Au fond, la défense a soutenu que le visuel du tee-shirt relevait d’une action militante et d’une opinion politique protégée par la liberté d’expression, et non d’une intention d’outrage au culte. Le tribunal a néanmoins retenu l’infraction « d’atteinte à l’islam », assortissant la peine d’une amende (MAD 50 000). Plusieurs médias ayant couvert l’audience ont confirmé la durée de 30 mois.
Le jugement a suscité de vives réactions. Des organisations de défense des droits humains y voient un précédent inquiétant pour la liberté d’expression et la protection des libertés individuelles au Maroc, tandis que d’autres voix estiment que l’activiste a franchi une « ligne rouge » en matière de respect du religieux.

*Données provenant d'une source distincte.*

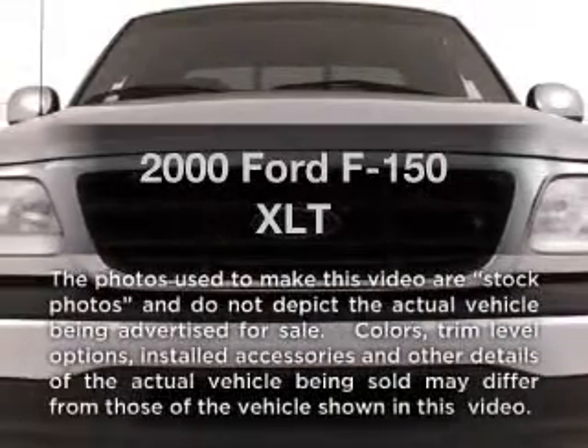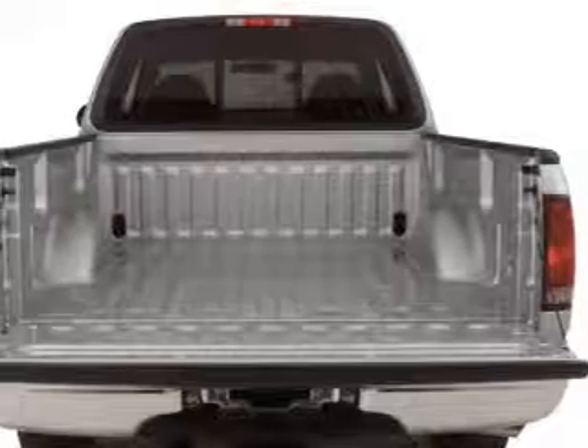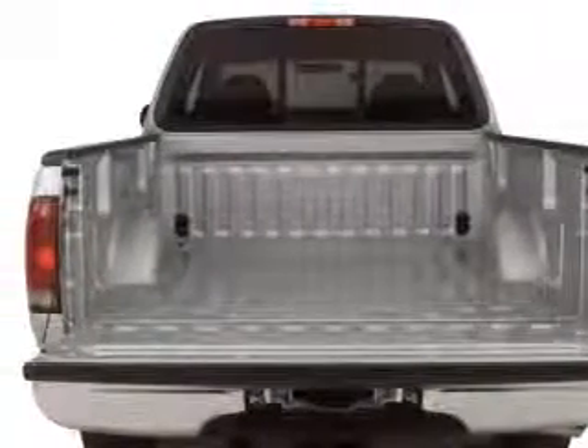Everything you need under one roof with this great vehicle. With a powerful 8-cylinder engine, the powertrain includes rear-wheel drive that responds smoothly to its automatic transmission.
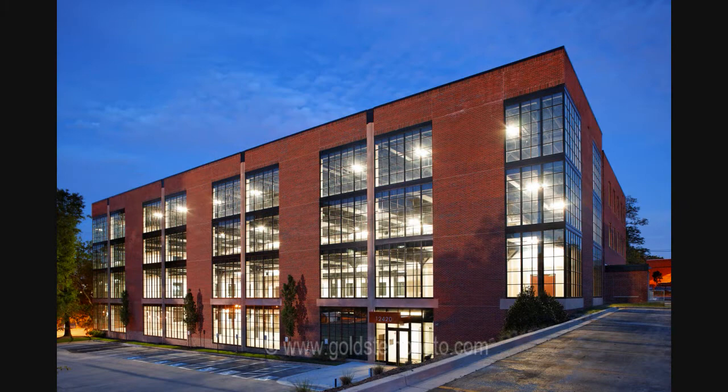Thanks for taking the time to look at my work and please come back again as I post additional slideshows. You can view more of my work at goldsteinphoto.com.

Des dépêches internationales ont également fait état de l’émoi suscité par l’affaire.
Sur le plan juridique, l’affaire ravive le débat récurrent autour des textes pénaux encadrant les « atteintes à la religion ». Ces dispositions permettent des peines de prison et des amendes lorsque l’infraction est commise publiquement, notamment via les réseaux sociaux. Les commentateurs rappellent qu’elles coexistent avec des garanties constitutionnelles de liberté d’opinion, engendrant une zone de tension interprétative que met en lumière ce verdict. (Analyse déduite des sources citées.)
La prochaine étape se jouera devant la cour d’appel, où l’équipe de défense compte contester à la fois la qualification pénale et la sévérité de la sanction, en invoquant l’état de santé de la prévenue et la protection de l’expression militante. D’ici là, le cas Lachgar continuera d’alimenter un débat de société sur l’équilibre entre libertés publiques, sensibilité religieuse et ordre public dans le Royaume.